Precision of a Model

In machine learning, precision is a performance metric used to evaluate a classification model’s ability to correctly identify positive cases. Precision measures the proportion of true positive predictions among all positive predictions made by the model. It answers the question: “Of all the cases predicted as positive, how many were actually positive?”

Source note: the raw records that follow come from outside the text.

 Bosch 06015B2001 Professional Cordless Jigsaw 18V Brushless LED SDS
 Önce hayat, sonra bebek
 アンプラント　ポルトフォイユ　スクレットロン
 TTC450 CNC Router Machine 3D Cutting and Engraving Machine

Definition for Precision of a Model

Precision is defined as the ratio of true positive predictions (TP) to the sum of true positive predictions and false positive predictions (FP). Mathematically, it is expressed as:

Precision Formula:

\( \text{Precision} = \dfrac{\text{TP}}{\text{TP} + \text{FP}} \)

  • TP: True Positives (correctly predicted positive cases)
  • FP: False Positives (incorrectly predicted positive cases)

Importance of Precision

Precision is particularly important in scenarios where the cost of false positives is high. For example, in spam email detection, a false positive means a legitimate email is marked as spam, which can lead to important emails being missed.


Components in a Confusion Matrix

The confusion matrix helps visualize the distribution of predictions:

Predicted: PositivePredicted: Negative
Actual: PositiveTrue Positive (TP)False Negative (FN)
Actual: NegativeFalse Positive (FP)True Negative (TN)
Components in a Confusion Matrix

Precision uses the values from the first column:

Precision = TP / (TP + FP)


Detailed Examples with Steps to Calculate Precision

Below are ten real-world examples that explain precision calculation step-by-step:


Example 1 – Spam Email Detection

Scenario: A model predicts whether an email is spam.

  • True positives (TP): 70
  • False positives (FP): 30

Steps:

  1. Calculate total predicted positives: TP + FP = 70 + 30 = 100.
  2. Calculate precision: Precision = TP / (TP + FP) = 70 / 100 = 0.7 (70%).

Example 2 – Fraud Detection

Scenario: A model predicts whether a transaction is fraudulent.

  • TP: 50
  • FP: 10

Steps:

  1. Total predicted positives: TP + FP = 50 + 10 = 60.
  2. Precision: Precision = 50 / 60 = 0.8333 (83.33%).

Example 3 – Cancer Detection

Scenario: A model predicts whether a patient has cancer.

  • TP: 40
  • FP: 20

Steps:

  1. Total predicted positives: TP + FP = 40 + 20 = 60.
  2. Precision: Precision = 40 / 60 = 0.6667 (66.67%).

Example 4 – Defect Detection

Scenario: A model predicts whether a product is defective.

  • TP: 90
  • FP: 30

Steps:

  1. Total predicted positives: TP + FP = 90 + 30 = 120.
  2. Precision: Precision = 90 / 120 = 0.75 (75%).

Example 5 – Loan Default Prediction

Scenario: A model predicts whether a customer will default on a loan.

  • TP: 100
  • FP: 50

Steps:

  1. Total predicted positives: TP + FP = 100 + 50 = 150.
  2. Precision: Precision = 100 / 150 = 0.6667 (66.67%).

Example 6 – Social Media Post Classification

Scenario: A model predicts whether a post is spam.

  • TP: 150
  • FP: 50

Steps:

  1. Total predicted positives: TP + FP = 150 + 50 = 200.
  2. Precision: Precision = 150 / 200 = 0.75 (75%).

Example 7 – Sentiment Analysis

Scenario: A model predicts positive sentiments in text reviews.

  • TP: 80
  • FP: 20

Steps:

  1. Total predicted positives: TP + FP = 80 + 20 = 100.
  2. Precision: Precision = 80 / 100 = 0.8 (80%).

Example 8 – Object Detection

Scenario: A model predicts whether an object is a car.

  • TP: 200
  • FP: 100

Steps:

  1. Total predicted positives: TP + FP = 200 + 100 = 300.
  2. Precision: Precision = 200 / 300 = 0.6667 (66.67%).

Example 9 – Recommendation Systems

Scenario: A model recommends movies to users.

  • TP: 70
  • FP: 30

Steps:

  1. Total predicted positives: TP + FP = 70 + 30 = 100.
  2. Precision: Precision = 70 / 100 = 0.7 (70%).

Example 10 – Image Classification

Scenario: A model predicts whether an image contains a cat.

  • TP: 120
  • FP: 80

Steps:

  1. Total predicted positives: TP + FP = 120 + 80 = 200.
  2. Precision: Precision = 120 / 200 = 0.6 (60%).

Conclusion

Precision is a crucial metric for evaluating classification models, especially when false positives carry significant consequences. It ensures that the model’s positive predictions are reliable. However, precision alone may not fully represent a model’s performance and should often be paired with metrics like recall and F1 score for comprehensive evaluation.